> _WHAT THE TASK REQUIRES_: Would you please set down, word for word, the lines from the one with "Caneca África, Quênia, Reserva" through the final line of the data below, omitting any pictures?

Image-caption web data:
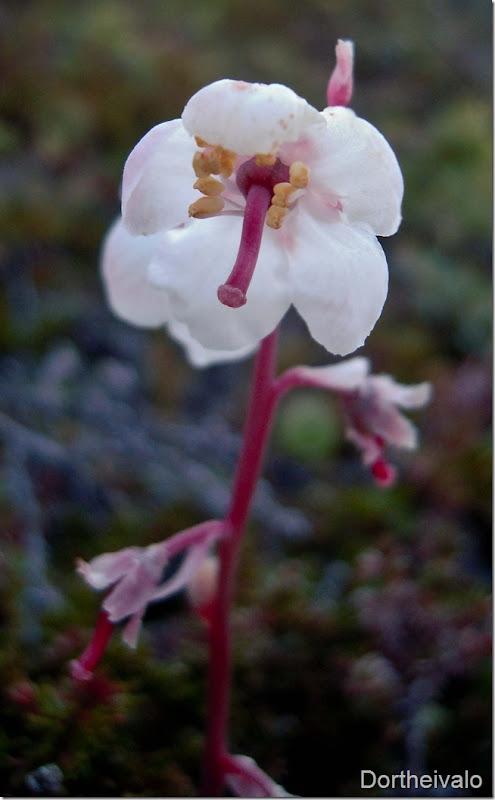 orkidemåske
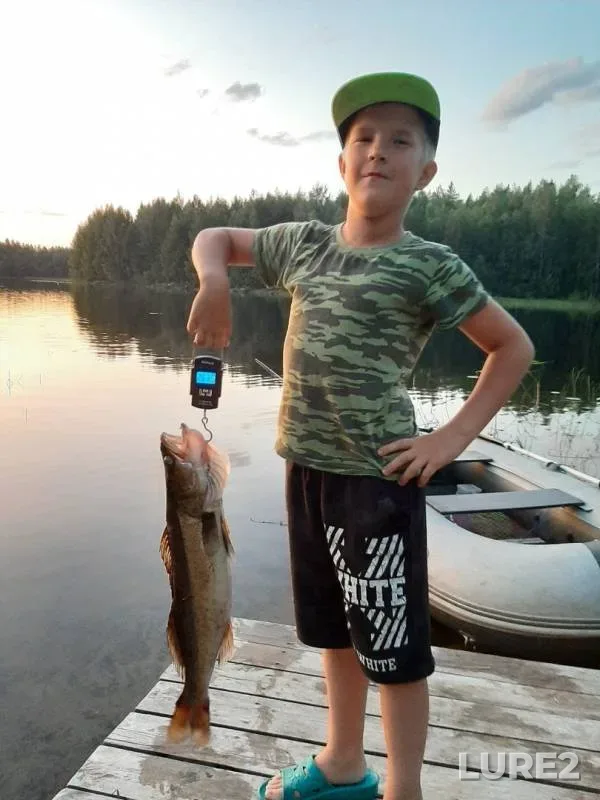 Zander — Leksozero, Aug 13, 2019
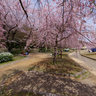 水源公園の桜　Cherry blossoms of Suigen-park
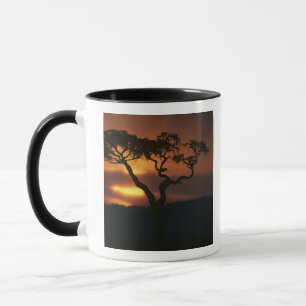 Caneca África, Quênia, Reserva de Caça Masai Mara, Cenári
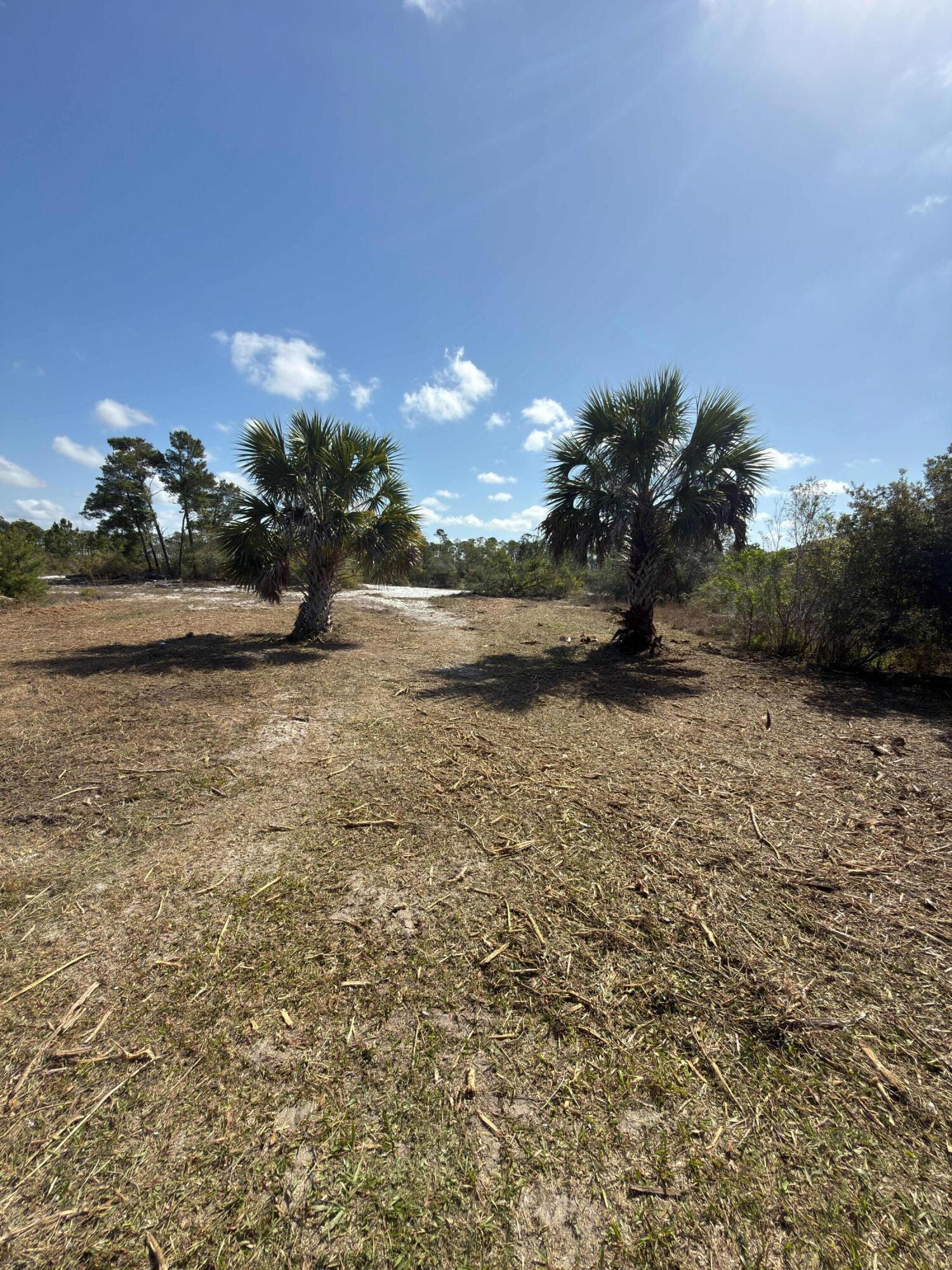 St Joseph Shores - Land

> _REPLY_:
 Caneca África, Quênia, Reserva de Caça Masai Mara, Cenári
 St Joseph Shores - Land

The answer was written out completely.